Plaintiff contends that prior to the ultimate award of the contract, Defendant provided Plaintiff with oral and written assurances that Defendant would use Plaintiff as a subcontractor on the project, contingent on the award from the Department. (Id. ¶ 19.) Plaintiff notes that Defendant referred to Plaintiff as a member of "the Verizon team" during Defendant's presentation to the Department. (Id. ¶ 25.) And Defendant "explicitly manifested its intent to negotiate with [Plaintiff] in good faith upon the award of the project to [Defendant]." (Id. ¶ 22.) Plaintiff further contends, that in exchange for Defendant's promise to use Plaintiff as a subcontractor on the project, Plaintiff engaged in lobbying in support of Defendant's proposal. (Id. ¶¶ 20, 24.)

However, Plaintiff's efforts proved to be for naught. On September 28, 2009, Defendant informed Plaintiff that it would only require two of Plaintiff's helpdesk agents to work on the project, rather than the seven Plaintiff had anticipated. (Id. ¶¶ 27-28.) Plaintiff rejected this reduction in the scope of the project, and Defendant declined to negotiate the issue. (Id. ¶¶ 29-30.) When Defendant's proposal was subsequently accepted by the Department, Defendant replaced Plaintiff with a different subcontractor. (Id. ¶ 32.)

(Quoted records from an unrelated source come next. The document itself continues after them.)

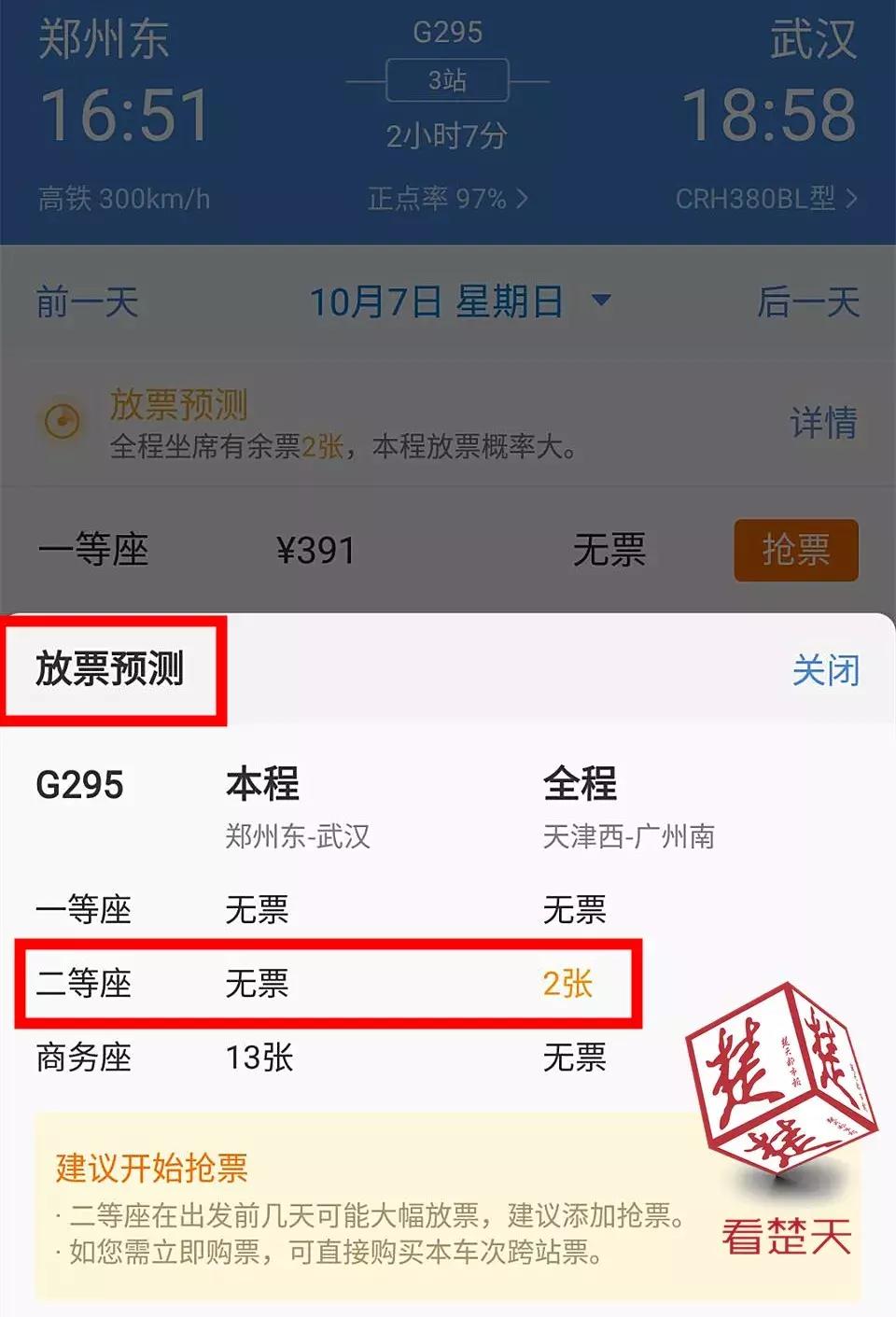 12306无票其他软件有票,12306app显示无票还能买到票吗
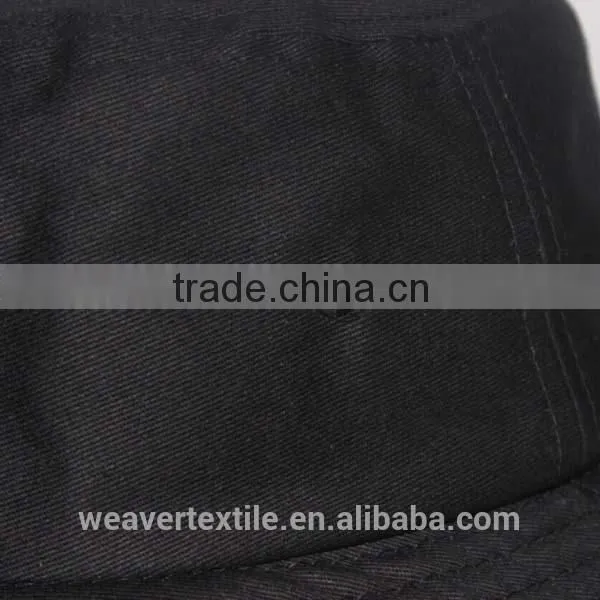 wholesale design your own black bucket hats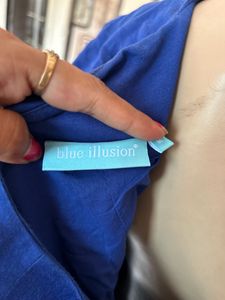 Blue Elegant Jacket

Plaintiff filed a complaint in the Court of Common Pleas of Dauphin County on April 26, 2010, asserting five causes of action based on Pennsylvania law.*fn1 Defendant removed the case pursuant to 28 U.S.C. §§ 1332(a)(1), 1441, and 1446. The motion for removal was granted. On July 1, 2010, Defendant moved to dismiss each of Plaintiff's claims pursuant to Rule 12(b)(6).

II. STANDARD OF REVIEW

A motion to dismiss pursuant to Rule 12(b)(6) tests the legal sufficiency of the complaint, Kost v. Kozakiewicz, 1 F.3d 176, 183 (3d Cir. 1993). In reviewing a Rule 12(b)(6) motion, a court should "consider only the allegations in the complaint, exhibits attached to the complaint, matters of public record, and documents that form the basis of a claim." Lum v. Bank of Am., 361 F.3d 217, 221 n.3 (3d Cir.2004). The motion will only be is properly granted when, taking all factual allegations and inferences drawn therefrom as true, the moving party is entitled to judgment as a matter of law. Markowitz v. Northeast Land Co., 906 F.2d 100, 103 (3d Cir. 1990). The burden is on the moving party to show that no claim has been stated. Johnsrud v. Carter, 620 F.2d 29, 33 (3d Cir. 1980). Thus, the moving party must show that Plaintiff has failed to "set forth sufficient information to outline the elements of his claim or to permit inferences to be drawn that those elements exist." Kost, 1 F.3d at 183 (citations omitted). A court, however, "need not credit a complaint's 'bald assertions' or 'legal conclusions' when deciding a motion to dismiss." Morse v. Lower Merion Sch. Dist., 132 F.3d 902, 906, 908 (3d Cir. 1997). Indeed, the Supreme Court has recently held that while the 12(b)(6) standard does not require "detailed factual allegations," there must be a "'showing,' rather than a blanket assertion of entitlement to relief. . . . '[F]actual allegations must be enough to raise a right to relief above the speculative level.'" Phillips v. County of Allegheny, 515 F.3d 224, 231-32 (3d Cir. 2008) (quoting Bell Atlantic Corp. v. Twombly, 550 U.S. 544, 555 (2007)). Put otherwise, a civil complaint must "set out 'sufficient factual matter' to show that the claim is facially plausible." Fowler v. UPMC Shadyside, 578 F.3d 203, 210 (3d Cir. 2009) (quoting Ashcroft v. Iqbal, 129 S. Ct. 1937, 1955 (2009)).

III. DISCUSSION

In its complaint, Plaintiff raises five claims for relief. Count I asserts a claim for breach of contract for Defendant's failure to award Plaintiff the subcontract. Count II asserts a claim for specific performance of the contract. Count III asserts a claim for promissory estoppel related to Defendant's failure to award Plaintiff the subcontract. Count IV asserts a claim for breach of contract for Defendant's failure to negotiate changes to the subcontract proposal in good faith. Finally, Count V asserts a claim for unjust enrichment because Plaintiff was not compensated for the lobbying efforts it undertook on behalf of Defendant's proposal. The Court will consider Defendant's motion to dismiss each claim in turn.

A. Breach of Contract

In Count I of its complaint, Plaintiff alleges that "the identification of [Plaintiff] as [a minority business enterprise] in [Defendant]'s submission to [the Department of General Services] constituted a binding commitment by [Defendant] to use [Plaintiff] as a subcontractor if it was awarded the contract." (Doc. No. 1-2 ¶ 37.)In its complaint Plaintiff relies on the Department of General Services' Request for Proposal to support this claim for relief. In its memorandum in opposition to Defendant's motion to dismiss, however, Plaintiff abandons this theory.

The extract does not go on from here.